852. Peak Index in a Mountain Array

852. Peak Index in a Mountain Array

Description

Difficulty: Medium

Related Topics: Array, Binary Search

An array arr is a mountain if the following properties hold:

• arr.length >= 3
• There exists some i with 0 < i < arr.length - 1 such that:
  • arr[0] < arr[1] < ... < arr[i - 1] < arr[i]
  • arr[i] > arr[i + 1] > ... > arr[arr.length - 1]

Given a mountain array arr, return the index i such that arr[0] < arr[1] < ... < arr[i - 1] < arr[i] > arr[i + 1] > ... > arr[arr.length - 1].

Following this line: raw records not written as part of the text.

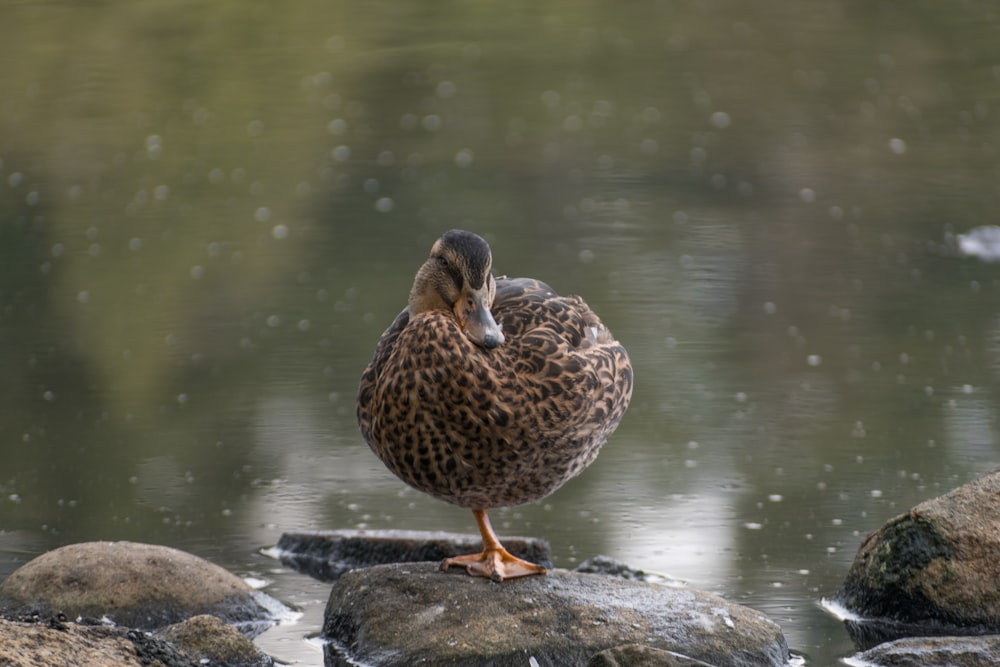 a duck standing on a rock by water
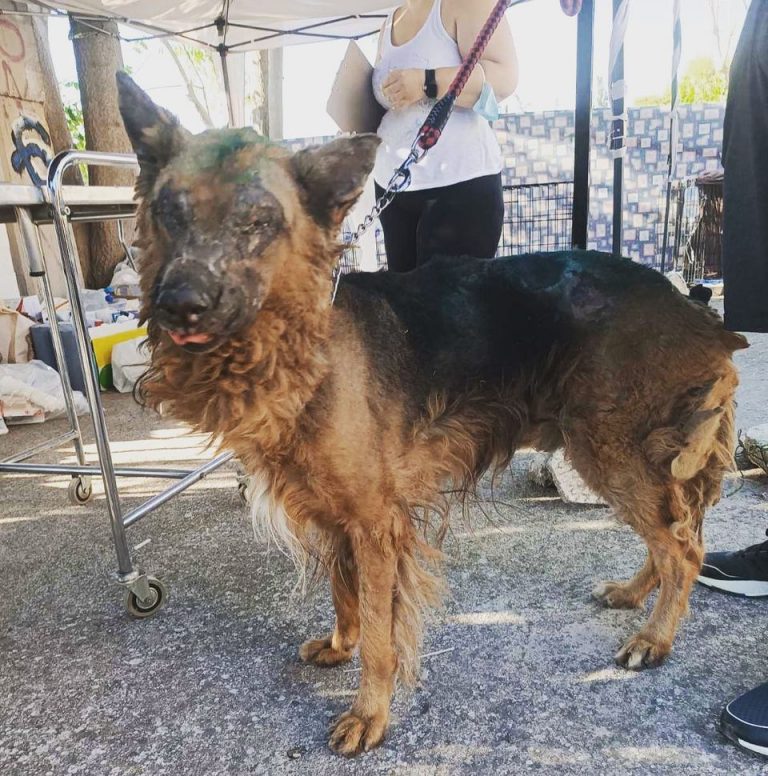 Φωτιά: Καίγονται μαζί με τα δάση – Κατοικίδια και άγρια ζώα απέναντι στον πύρινο εφιάλτη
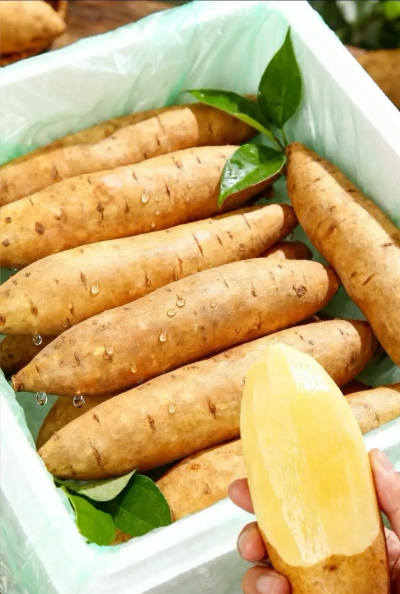 雪莲果是什么结的果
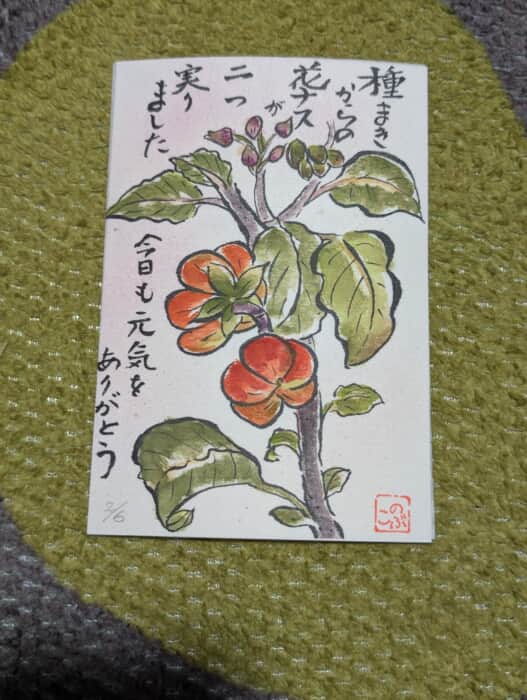 花茄子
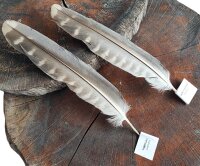 Federset vom Luggerfalken - Stoßfeder 00519-2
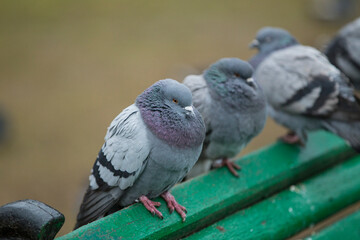 pigeons in the park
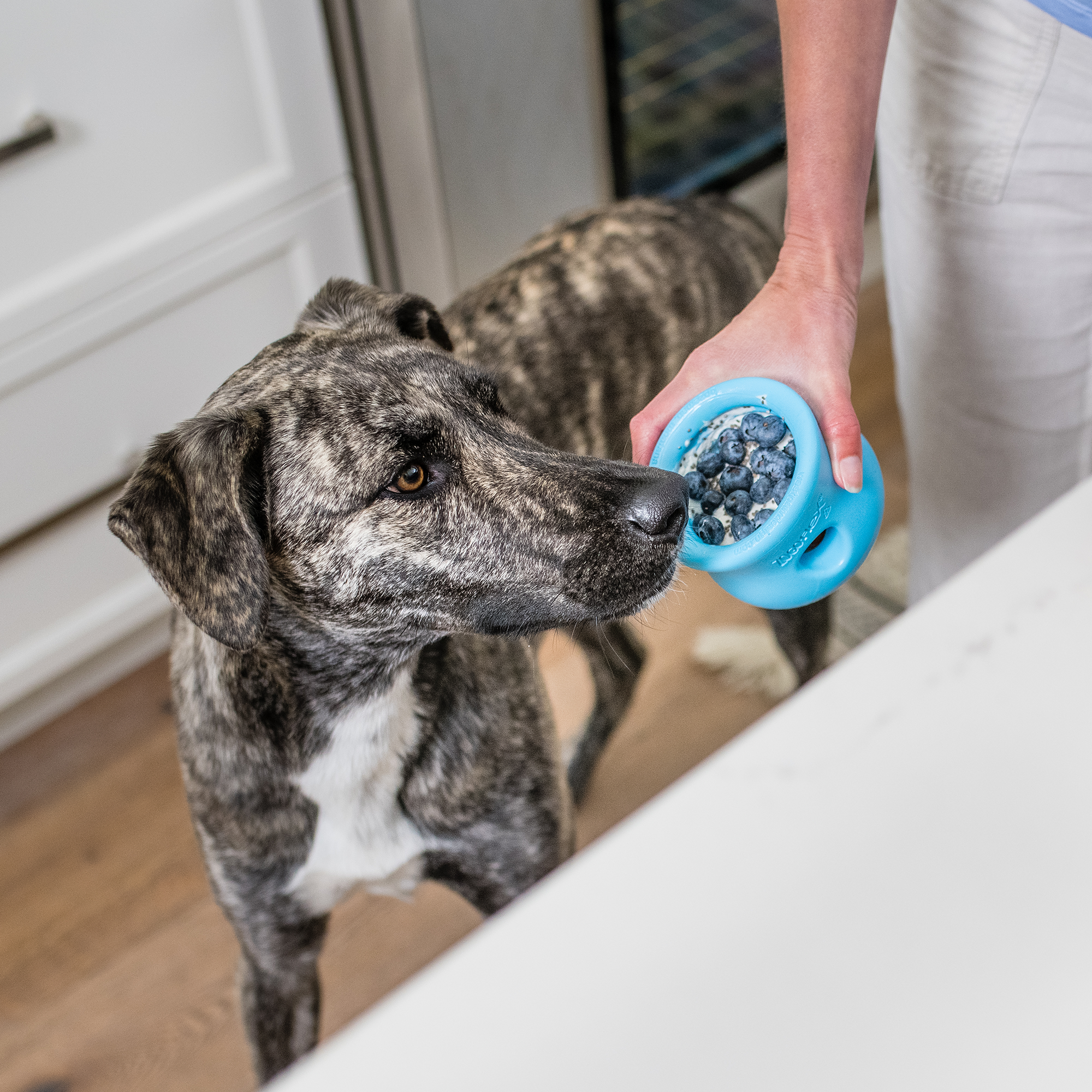 Toppl Durable Dog Puzzle Toy & Slow Feeder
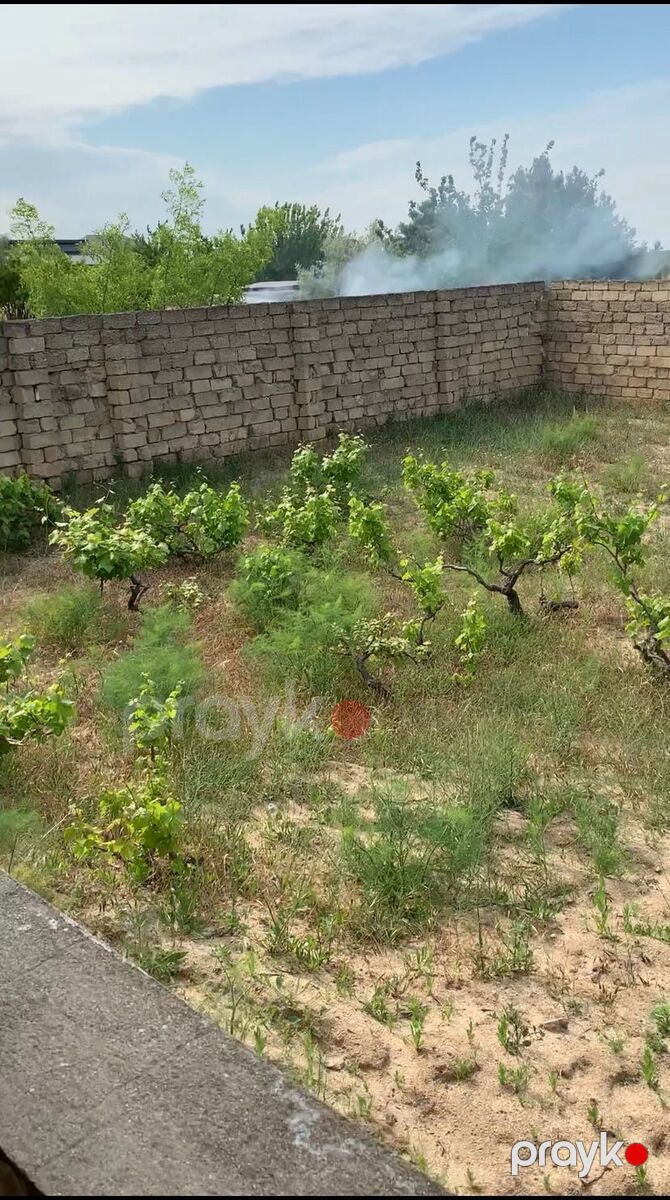 Satılır torpaq 11 sot — Torpaq, Bakı (4)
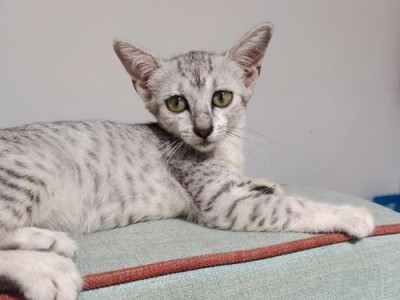 埃及猫饲养指南（以宠物为主的完美伴侣）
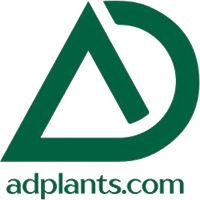 Umm Al Salsal Trading Flowers & Indoor Plants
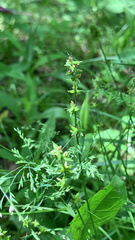 Carex rosea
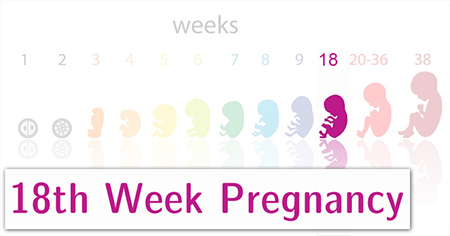مراقبت های هفته هجدهم بارداری,تغذیه در هفته هجدهم بارداری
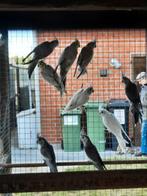 Valkparkieten 2025, Meerdere dieren, Parkiet, Geringd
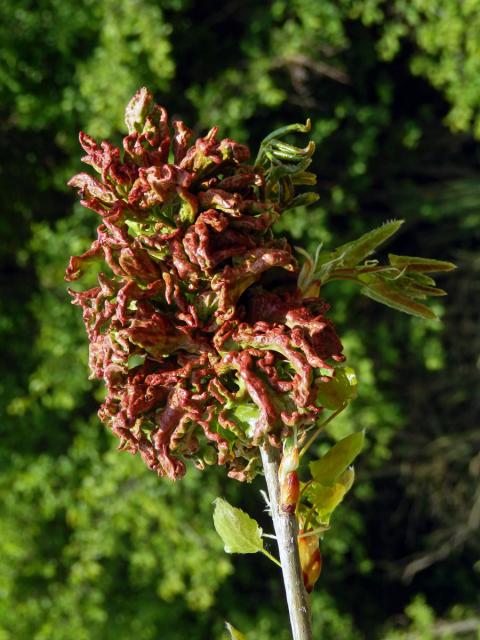 Hálky vlnovníka osikového (Aceria dispar), topol osika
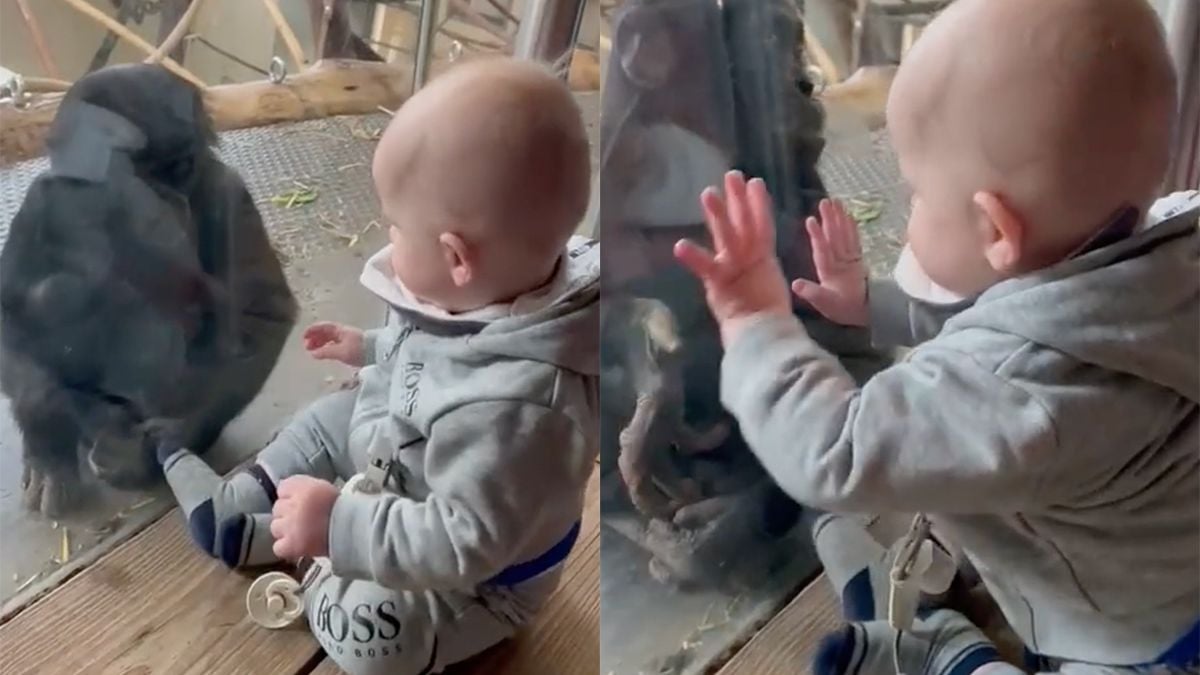 Je ah-what-cute moment van de dag: Kind en aapje maken kennis met elkaar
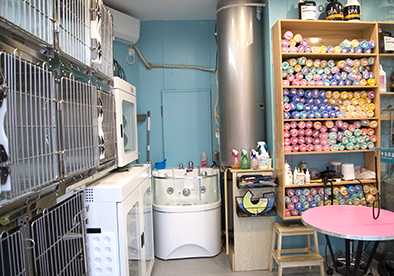 ������ʱ - �������ǲ�!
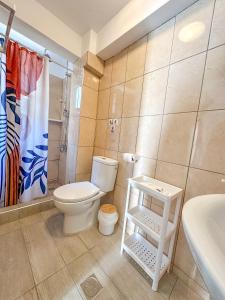 a bathroom with a toilet and a sink and a shower at Mitso's Talo in Samos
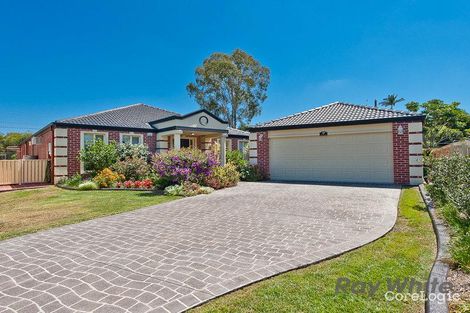 Property photo of 17 Rufus Court Albany Creek QLD 4035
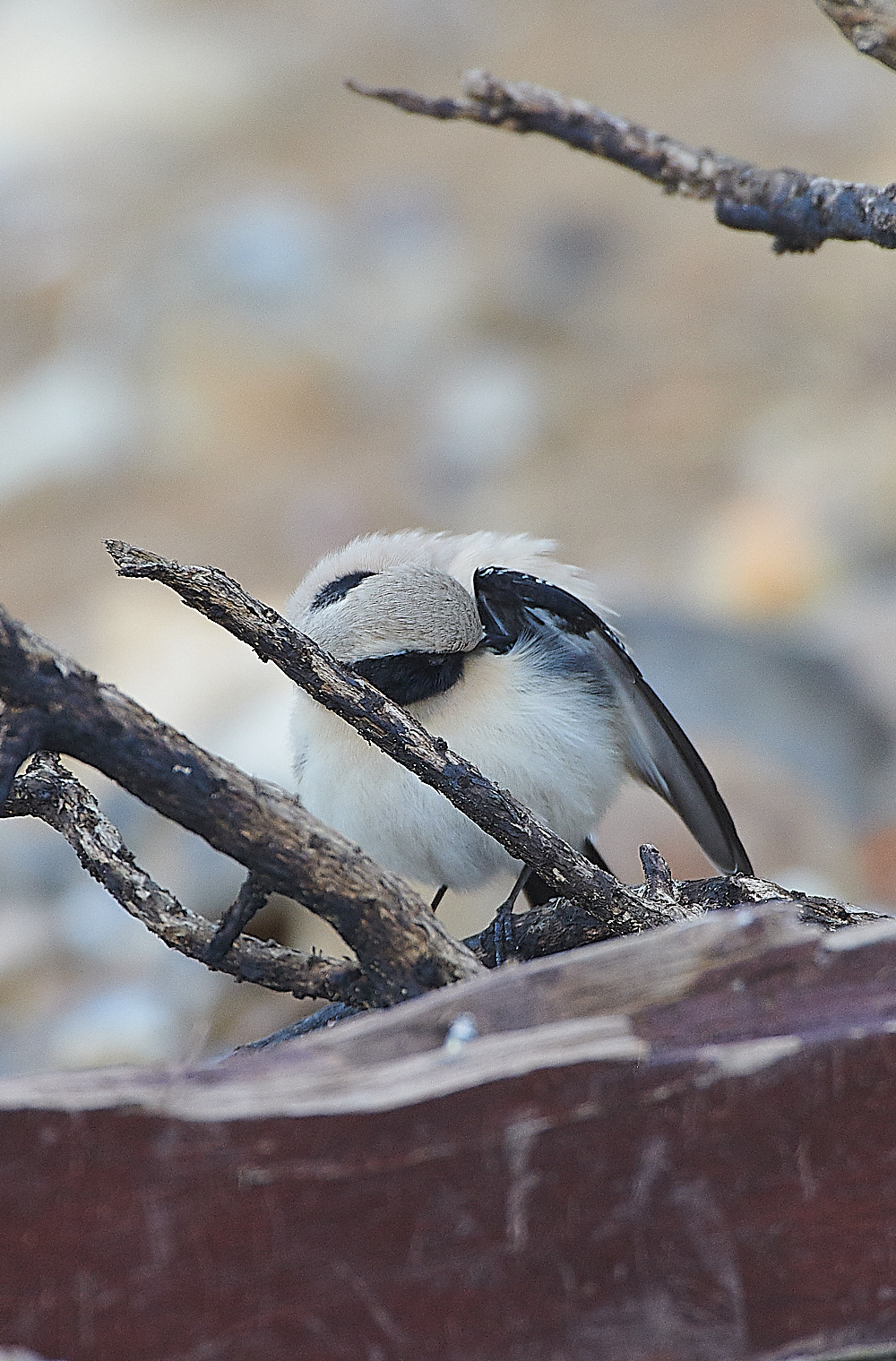 GramboroughHillDW181120-8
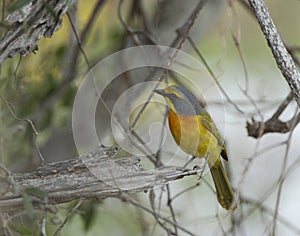 Orange breasted bush shrike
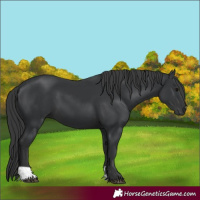 Horse Color:Black 
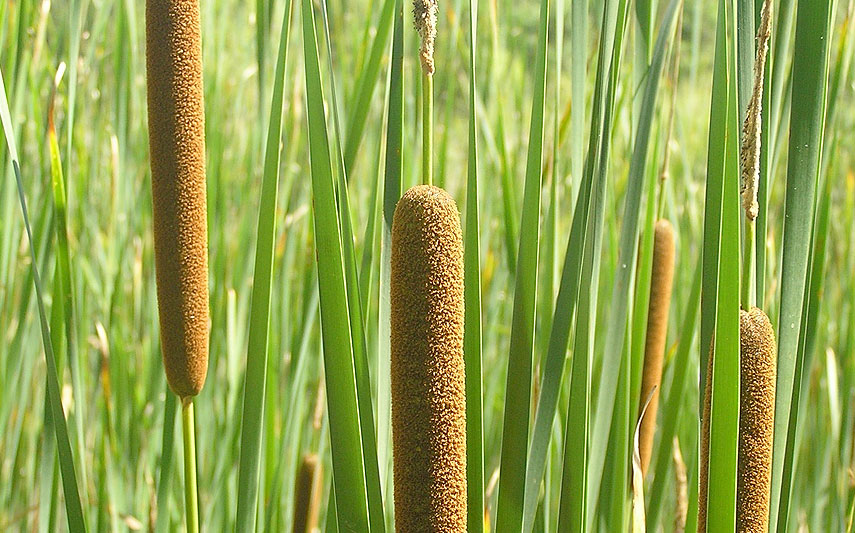 Rohrkolben (Typha)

You must solve it in O(log(arr.length)) time complexity.

Example 1:

Input: arr = [0,1,0]
Output: 1

Example 2:

Input: arr = [0,2,1,0]
Output: 1

Example 3:

Input: arr = [0,10,5,2]
Output: 1

Constraints:

• 3 <= arr.length <= 10⁵
• 0 <= arr[i] <= 10⁶
• arr is guaranteed to be a mountain array.

Hints/Notes

• Variant binary search

Solution

Language: C++

class Solution {
public:
    int peakIndexInMountainArray(vector<int>& arr) {
        int left = 0, right = arr.size() - 1;
        while (left < right) {
            int mid = left + (right - left) / 2;
            if (arr[mid] > arr[mid + 1]) {
                right = mid;
            } else {
                left = mid + 1;
            }
        }
        return left;
    }
};